--- Extracted material Enclosed Below ---
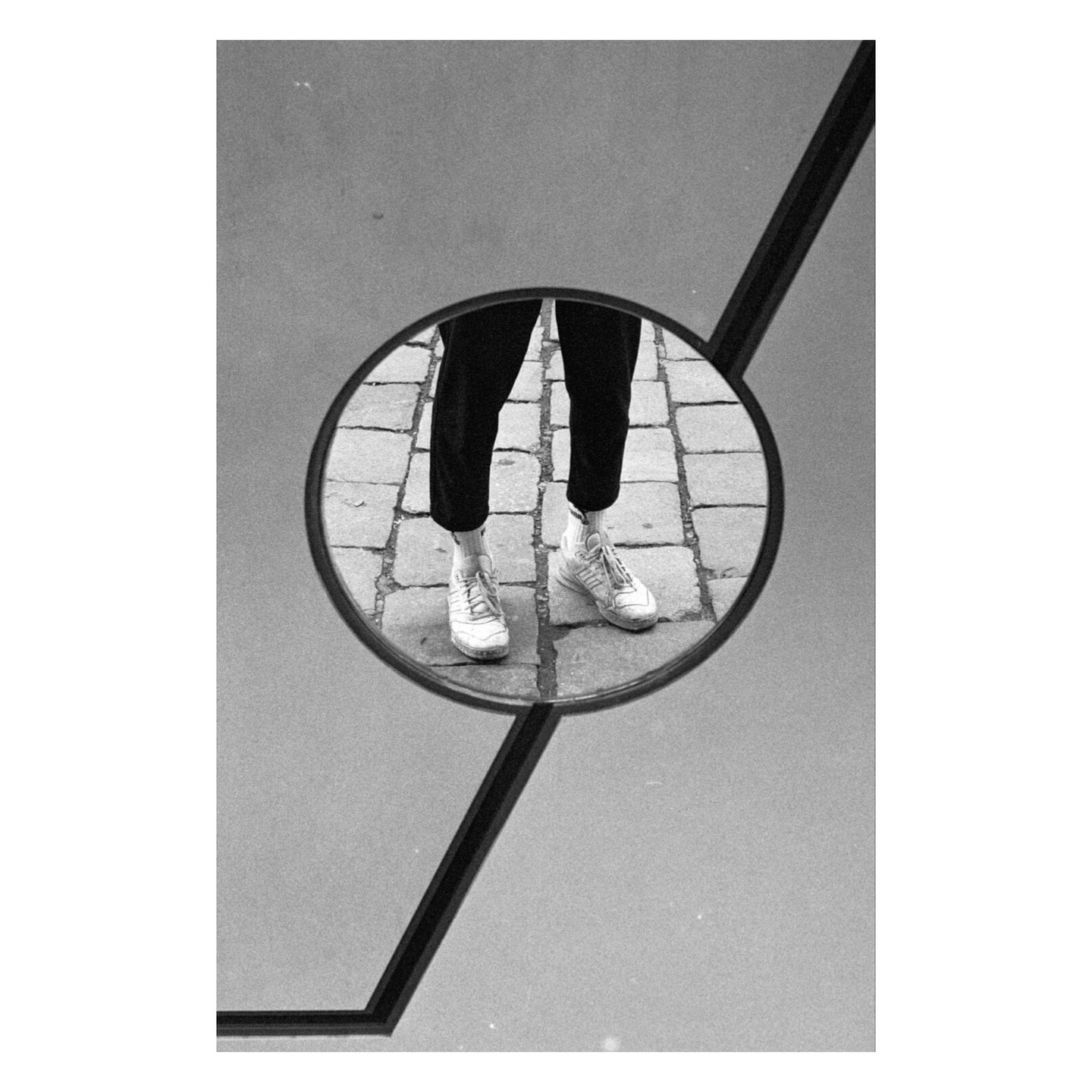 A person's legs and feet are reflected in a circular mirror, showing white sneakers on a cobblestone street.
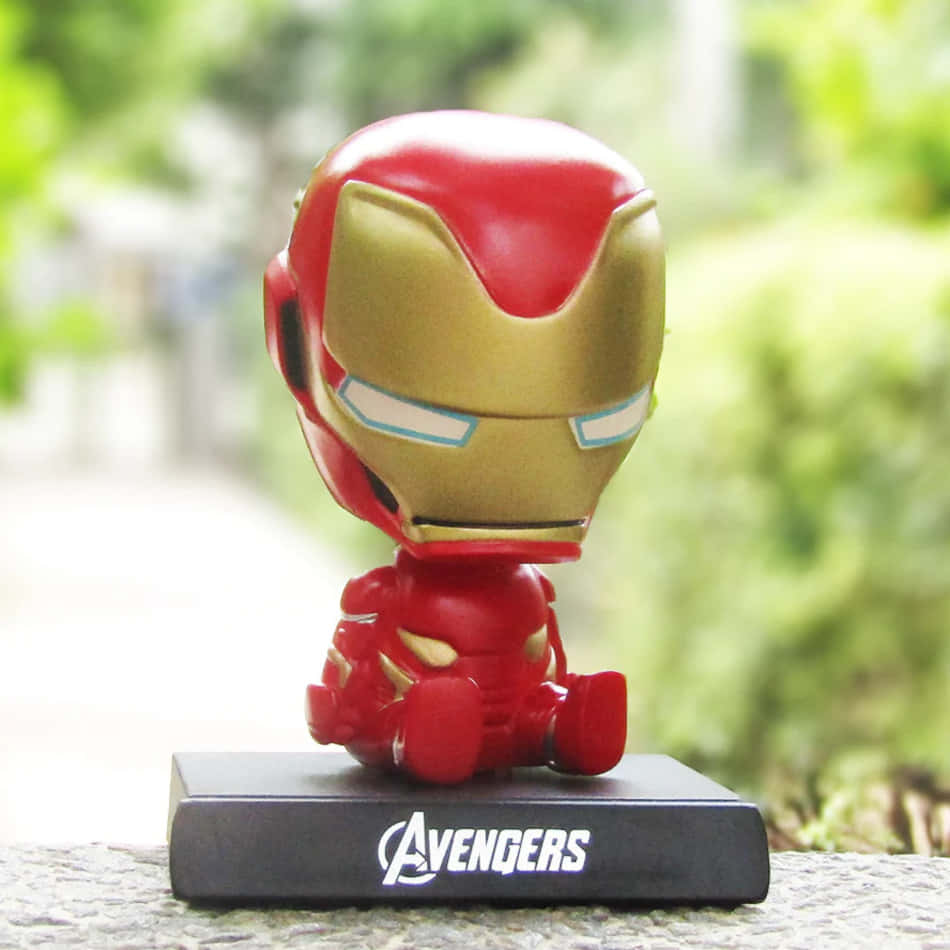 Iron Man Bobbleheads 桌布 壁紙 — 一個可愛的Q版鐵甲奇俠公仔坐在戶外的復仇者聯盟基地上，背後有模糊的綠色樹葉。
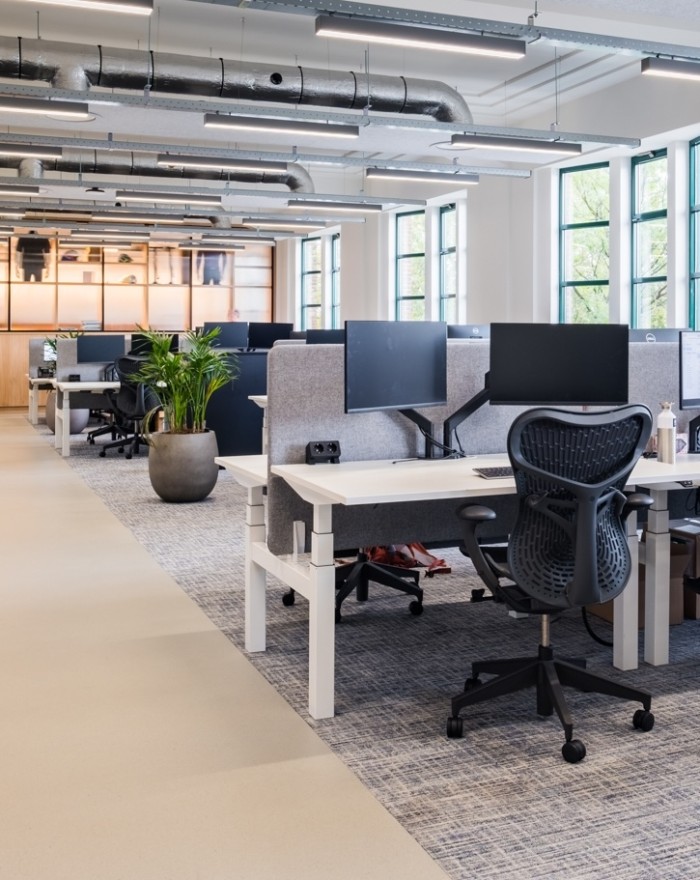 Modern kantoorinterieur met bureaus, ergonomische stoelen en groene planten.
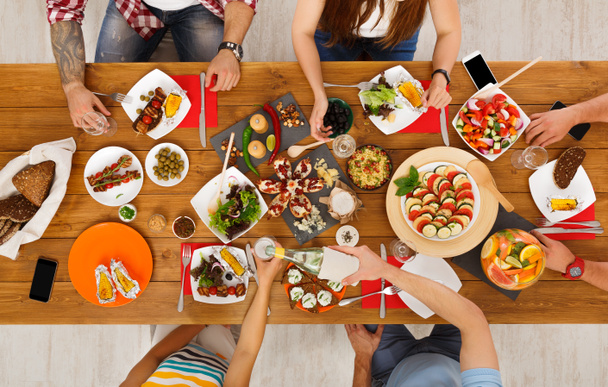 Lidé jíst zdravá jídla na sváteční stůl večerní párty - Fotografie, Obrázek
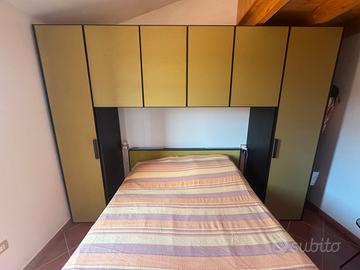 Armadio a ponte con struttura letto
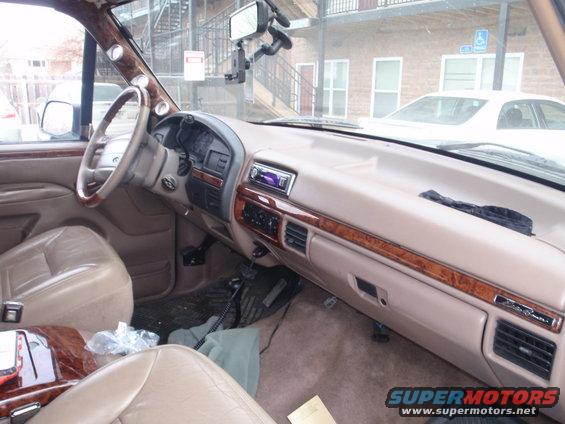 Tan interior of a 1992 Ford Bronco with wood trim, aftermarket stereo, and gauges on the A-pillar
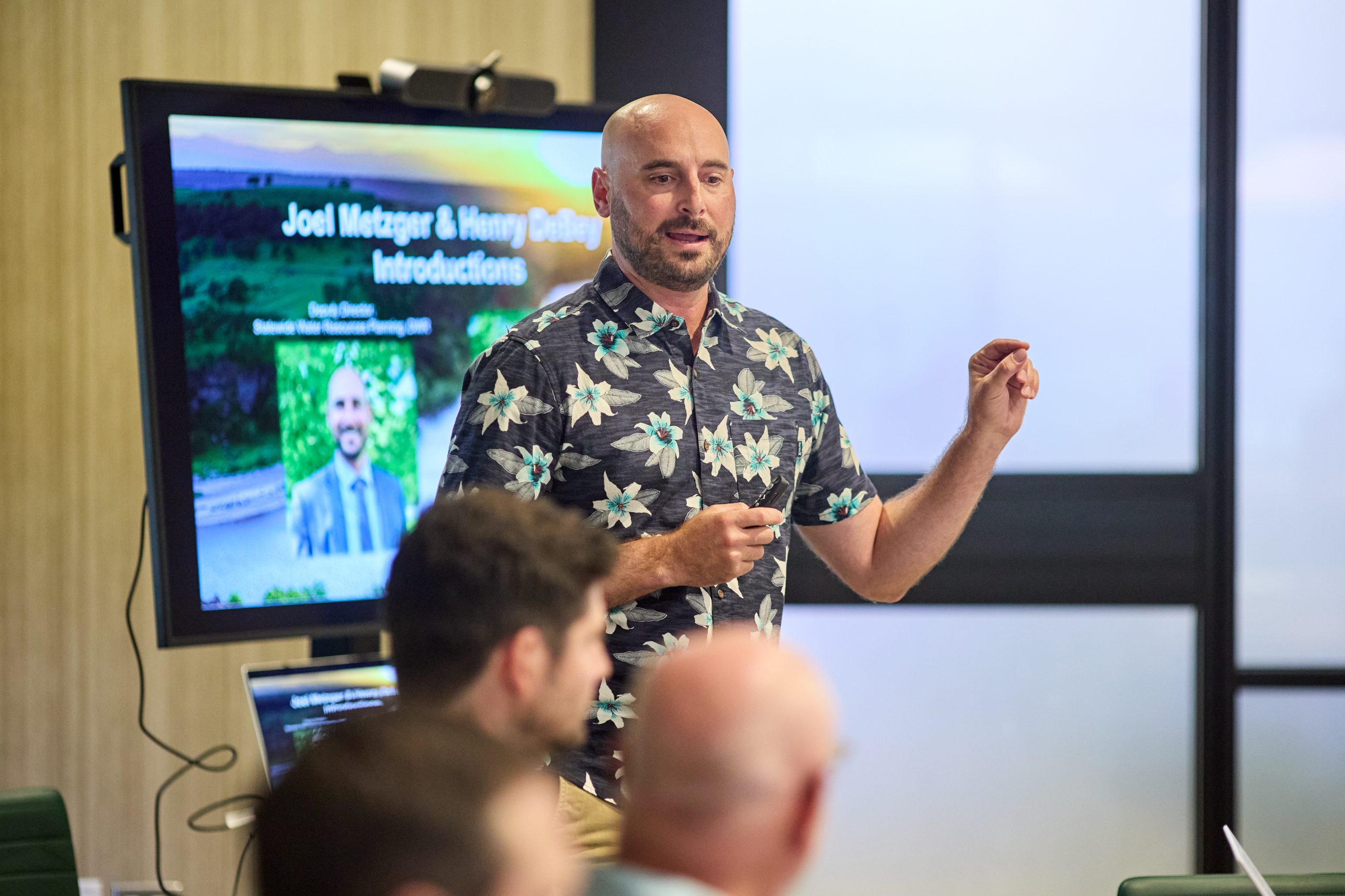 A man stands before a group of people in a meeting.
--- End of Enclosed Extracted material ---
Exercise prompt: Starting at the line that contains "Tan interior of", reproduce exactly and only the lines through the end of the entries above, with the pictures excluded.

Solution:
 Tan interior of a 1992 Ford Bronco with wood trim, aftermarket stereo, and gauges on the A-pillar
 A man stands before a group of people in a meeting.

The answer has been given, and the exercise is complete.